Court Opinion

ID: 3679939
Source: CourtListenerOpinion
Date Created: 2016-07-06 06:25:34.379783+00
Date Added: 2024-06-11T15:27:51.087705
License: Public Domain

In a petition for a rehearing, appellant insists that the following instruction should have been given to the jury by the trial court, viz.:
"You are further instructed that it was the duty of this plaintiff to have his car under such control that he could bring it to a standstill within the distance he could plainly see objects ahead, and I charge you that if plaintiff failed in his duty and his failure contributed to cause the accident, then he cannot recover damages and your verdict must be for the defendants regardless of whether you find that the defendants were themselves negligent."
The undisputed evidence is: That Madsen who drove the car had driven cars since 1916; had driven this particular car often; it had good brakes, an automatic windshield wiper; there was a mist, the air was damp, but the road not wet; the driver saw the dirt when he was from 50 to 75 feet away and could have stopped the car within 15 feet at the rate of speed he was driving, but did not for the reason that the dirt in the road looked to him as a newly built up road; he did not know the ditch was there; he could not see it until the car fell into it. *Page 536 
The rule contended for by appellant does not apply in this case for reason that the driver could have stopped the car within the distance he could see, and the question of whether the plaintiff was negligent or not in not stopping the car when he could have stopped it within the distance he could see was for the jury under all the facts and circumstances.
It is negligence to drive a car so fast that you cannot stop it within the distance you can see.

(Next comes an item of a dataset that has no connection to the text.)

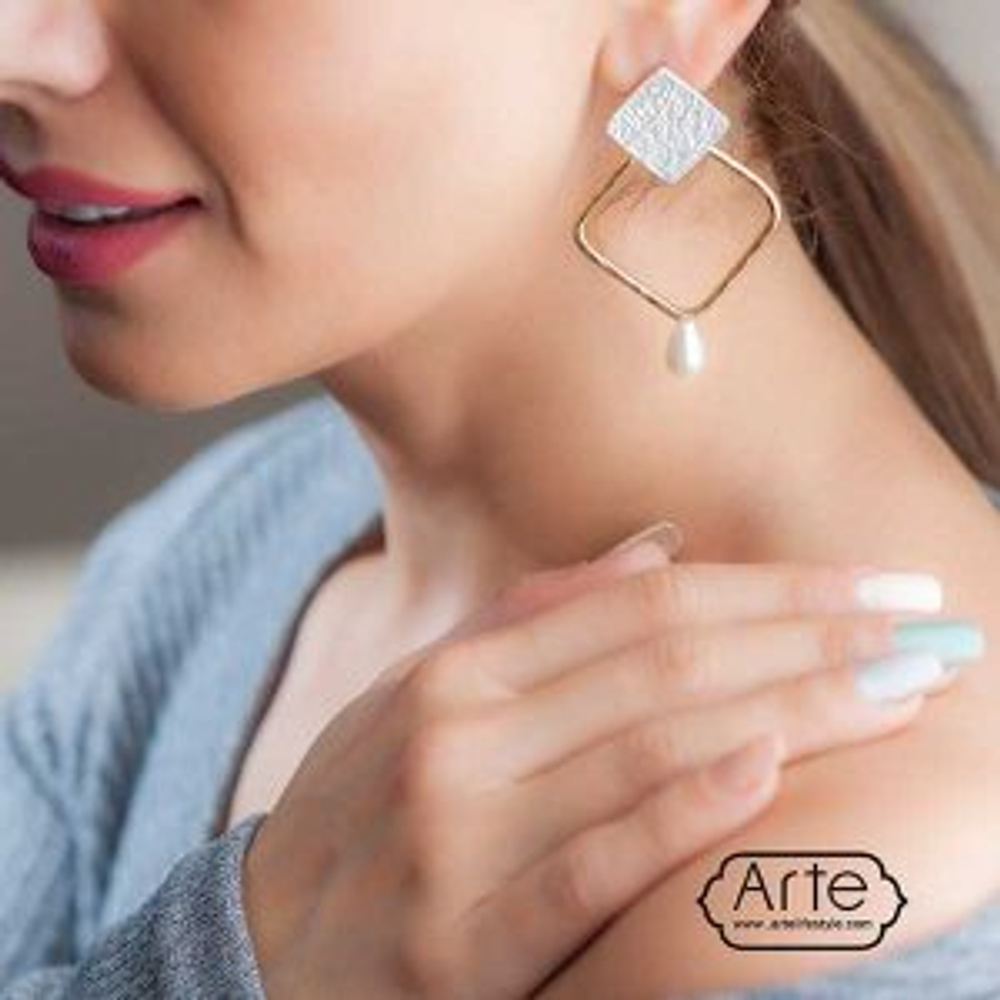 Серебряные серьги Arte Manparo 20220514 Иран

It is the reckless speed which makes it negligent. That element is absent in this case and the rule does not apply.
A case very much in point is the case of Tutsch v. Omaha Structural Steel Works, 110 Neb. 585, 194 N.W. 731.
Appellant further contends the refusal to give the following instruction was error, viz.:
"I further charge you that the fact that the lantern which, the defendants state, was placed upon the dirt pile or embankment, blew out, or was extinguished in some way, does not prove or mean that defendants were negligent and liable in damages here unless it is further shown that said lantern was extinguished through some fault of theirs. Defendants did their full duty if they exercised reasonable care in their effort to notify the traveling public of the excavation in the road and the fact that the lantern was extinguished through no fault of theirs and cannot and does not, in itself, make them liable to the plaintiff here."

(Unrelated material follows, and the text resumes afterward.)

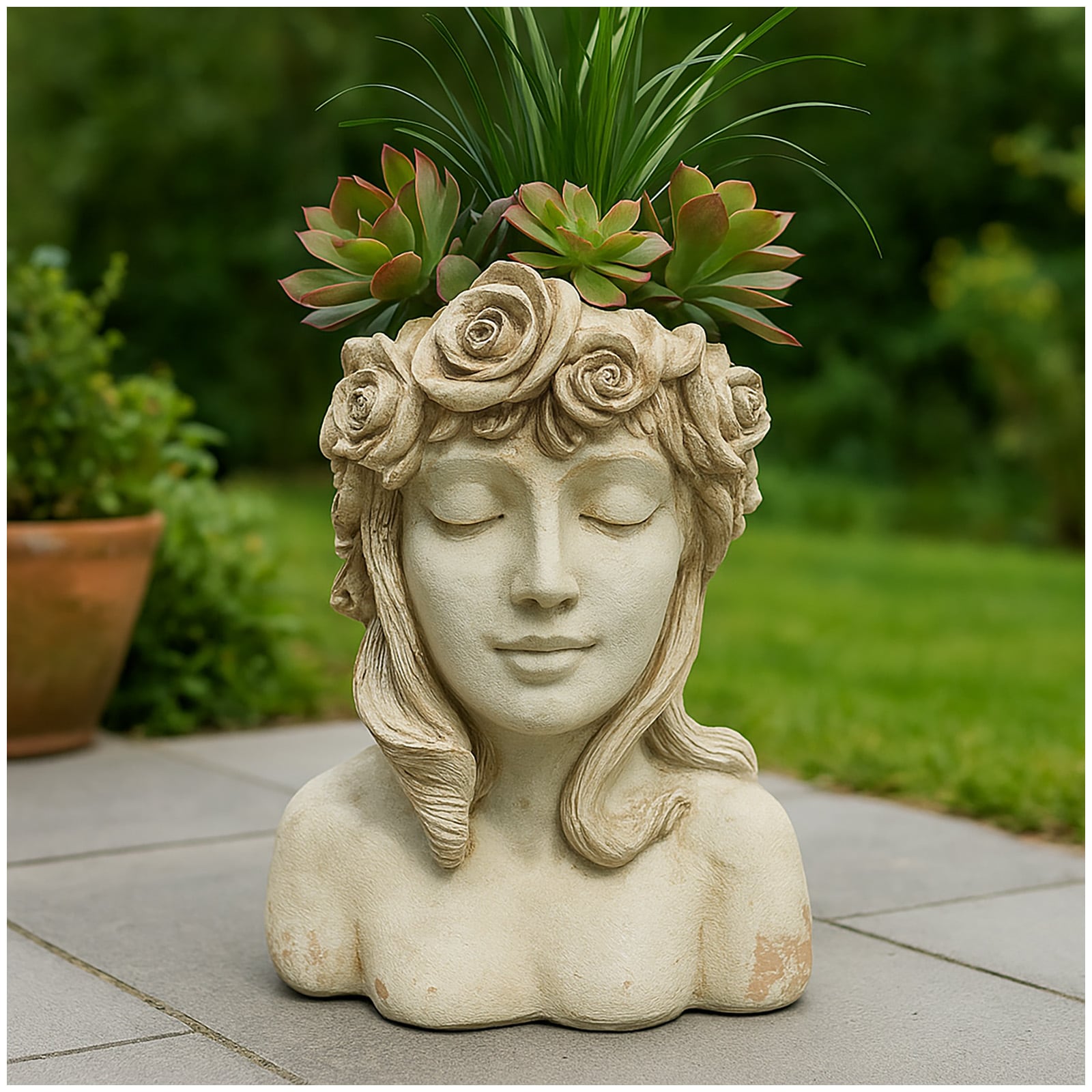 HTI-Living Pflanzgef&auml;&szlig; Apollon B&uuml;ste Aphrodite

Instead of the instruction asked the court gave the following instruction, which is assigned as error, viz.:
"Now there has been some testimony here touching the question of the light having blown over, and having gone out. Now, with regard to that matter, I will say to you, members of the jury, that is entirely for you to say whether the defendants exercised such care as an ordinarily prudent person would exercise under the like circumstances, in safeguarding the light, so as to remain standing over night, and thus be a signal to approaching passengers, or drivers. Of course, it is a rule of the law, that should you find that through any unforeseen act, or any circumstance that the defendants could not avoid, or guard against, the light blew away, or washed away, through some act of God, as it is known in the law, or even some act of trespassing, or other unavoidable act, then the defendants would be excused, under *Page 537 
the law, for they are not expected to do the impossible. But it is for you to say, from all the facts and circumstances appearing in evidence, in this case, whether the defendants exercised such degree of care, of which I have spoken here, to safeguard the traveling public on that highway."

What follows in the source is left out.